I recently blogged about the 5 C's of Big Data, and have since received inquiries about the "C" I named "Content," which was related to the size of large files or objects. The concept of large object data has been around IT for years, and databases support this type of data. Although there are no formally agreed upon parameters for what constitutes a large object -- I found a vendor that documented 32K as being large object data and another that suggested 8 TBs -- I arbitrarily set the cutoff in the 1GB range for a single object; anything 1GB or larger in my opinion is large object data. I grouped the large object data in the Big Data bucket because of the explosive growth in large objects in many organizations, which corresponds to the rapid data growth that has been called Big Data. More importantly, organizations have seen a growth in the need to perform analysis on this large object data, and that is really where the Big Data problem rears its ugly head.
Large object data can come from several types of systems and domains. Video and audio files are sources where single files can sometimes exceed 1GB, and the growth in these data sources continue to grow. One hour of video in high definition formats can range from +/- 1 to 2 GBs in size for 720p and 1080p, respectively. YouTube reports 72 hours of video are uploaded every minute. And although that alone is a Big Data problem for YouTube, organizations that rely on monitoring news feeds may desire to monitor YouTube feeds as well, since YouTube videos can be a source of news, which could be a Big Data problem for them.

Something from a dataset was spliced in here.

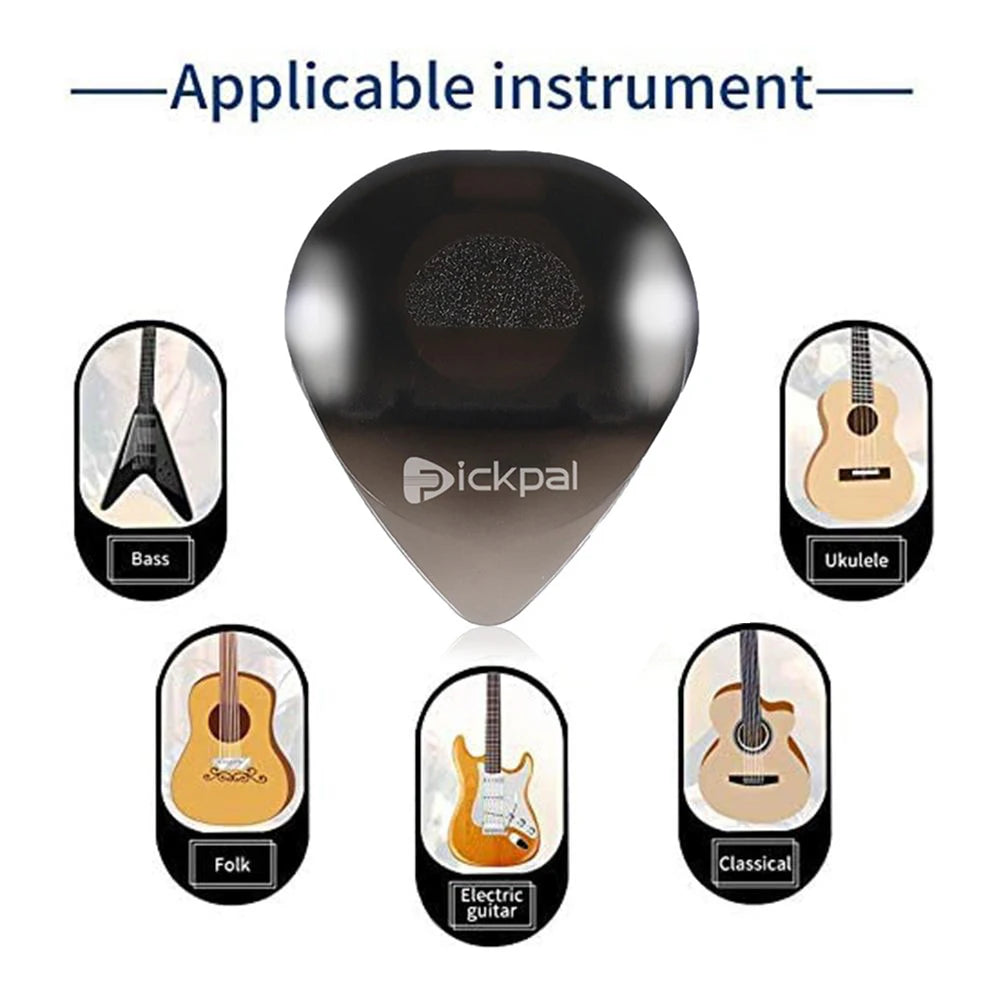 Guitar Picks Medium Picks Non-slip Guitar Picks Jazz Plectrum with High-Sensitivity LED Light Stringed Instrument Plectrum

Specific industries have even larger dependence on video, such as video analysis for sports teams. Audit logs on heavily used systems can sometimes be a source of large object data. Although most organizations prune their audit logs long before they reach this size, I have seen organizations with single audit log files exceeding 5GBs. Performing analytics on this size of single file data can be complex, although, unlike some of the other types of large object data, large audit logs can often be easily split for analysis purposes. In the bioinformatics world, genome sequence files typically exceed 1GB, tens of GBs, and even hundreds of gigabytes. Organizations that analyze and compare genome sequences are working with a Big Data problem, and one of the driving costs for genome sequencing. Shapefiles used for maps on websites that aggregate data can often be in the 100s of MBs to GBs in size, and can present a Big Data issue when comparing shape files of the same area for differences. There are several other examples of large object data that are typical in specific industries and organizations in general.
Some of the tools used for processing typical Big Data issues are not necessarily suited for large object data, without some process up front to split the files. STORM, for example, is better at processing smaller, streaming messages. Of course, there are several examples where solutions applicable to other Big Data problems are successful working with large object data. There are libraries for genome sequence processing using HBase. HDFS is designed to support large files, with a theoretical limit of 512 yottabytes using a 64MB (default) block size. I hope I am retired before 512 YB files are the norm in IT.
Large object data will continue to grow across organizations. Fortunately, there exist cloud-based solutions that can help defeat these issues.